● **What to work on**: Every record, from the first to the last, is to be printed again exactly.

# # # #

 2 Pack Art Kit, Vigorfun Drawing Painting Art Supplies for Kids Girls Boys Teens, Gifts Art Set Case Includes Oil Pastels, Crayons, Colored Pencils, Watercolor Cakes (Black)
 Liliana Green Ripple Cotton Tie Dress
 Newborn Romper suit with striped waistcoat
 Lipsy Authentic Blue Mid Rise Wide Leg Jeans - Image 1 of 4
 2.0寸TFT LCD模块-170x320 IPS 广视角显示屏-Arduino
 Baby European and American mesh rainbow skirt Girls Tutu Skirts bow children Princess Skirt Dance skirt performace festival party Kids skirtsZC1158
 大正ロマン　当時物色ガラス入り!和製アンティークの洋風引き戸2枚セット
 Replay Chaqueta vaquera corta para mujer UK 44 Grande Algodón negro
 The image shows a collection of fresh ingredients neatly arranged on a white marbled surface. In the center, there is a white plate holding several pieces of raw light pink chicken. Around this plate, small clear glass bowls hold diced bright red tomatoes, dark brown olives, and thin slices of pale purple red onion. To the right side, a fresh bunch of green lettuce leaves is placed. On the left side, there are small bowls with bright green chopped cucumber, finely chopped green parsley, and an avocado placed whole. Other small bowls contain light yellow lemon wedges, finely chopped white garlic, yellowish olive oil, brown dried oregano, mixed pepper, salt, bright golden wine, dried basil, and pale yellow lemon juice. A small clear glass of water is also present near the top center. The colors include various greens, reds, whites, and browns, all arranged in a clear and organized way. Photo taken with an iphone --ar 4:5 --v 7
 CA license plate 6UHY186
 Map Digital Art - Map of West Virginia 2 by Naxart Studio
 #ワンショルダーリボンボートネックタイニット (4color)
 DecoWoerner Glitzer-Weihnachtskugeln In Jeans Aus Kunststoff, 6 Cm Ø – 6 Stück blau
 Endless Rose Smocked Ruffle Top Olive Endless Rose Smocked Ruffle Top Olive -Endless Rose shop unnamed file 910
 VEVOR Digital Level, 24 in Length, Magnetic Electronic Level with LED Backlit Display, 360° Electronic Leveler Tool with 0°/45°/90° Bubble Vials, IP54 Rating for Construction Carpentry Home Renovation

# # # #

● **Task solution**:
 2 Pack Art Kit, Vigorfun Drawing Painting Art Supplies for Kids Girls Boys Teens, Gifts Art Set Case Includes Oil Pastels, Crayons, Colored Pencils, Watercolor Cakes (Black)
 Liliana Green Ripple Cotton Tie Dress
 Newborn Romper suit with striped waistcoat
 Lipsy Authentic Blue Mid Rise Wide Leg Jeans - Image 1 of 4
 2.0寸TFT LCD模块-170x320 IPS 广视角显示屏-Arduino
 Baby European and American mesh rainbow skirt Girls Tutu Skirts bow children Princess Skirt Dance skirt performace festival party Kids skirtsZC1158
 大正ロマン　当時物色ガラス入り!和製アンティークの洋風引き戸2枚セット
 Replay Chaqueta vaquera corta para mujer UK 44 Grande Algodón negro
 The image shows a collection of fresh ingredients neatly arranged on a white marbled surface. In the center, there is a white plate holding several pieces of raw light pink chicken. Around this plate, small clear glass bowls hold diced bright red tomatoes, dark brown olives, and thin slices of pale purple red onion. To the right side, a fresh bunch of green lettuce leaves is placed. On the left side, there are small bowls with bright green chopped cucumber, finely chopped green parsley, and an avocado placed whole. Other small bowls contain light yellow lemon wedges, finely chopped white garlic, yellowish olive oil, brown dried oregano, mixed pepper, salt, bright golden wine, dried basil, and pale yellow lemon juice. A small clear glass of water is also present near the top center. The colors include various greens, reds, whites, and browns, all arranged in a clear and organized way. Photo taken with an iphone --ar 4:5 --v 7
 CA license plate 6UHY186
 Map Digital Art - Map of West Virginia 2 by Naxart Studio
 #ワンショルダーリボンボートネックタイニット (4color)
 DecoWoerner Glitzer-Weihnachtskugeln In Jeans Aus Kunststoff, 6 Cm Ø – 6 Stück blau
 Endless Rose Smocked Ruffle Top Olive Endless Rose Smocked Ruffle Top Olive -Endless Rose shop unnamed file 910
 VEVOR Digital Level, 24 in Length, Magnetic Electronic Level with LED Backlit Display, 360° Electronic Leveler Tool with 0°/45°/90° Bubble Vials, IP54 Rating for Construction Carpentry Home Renovation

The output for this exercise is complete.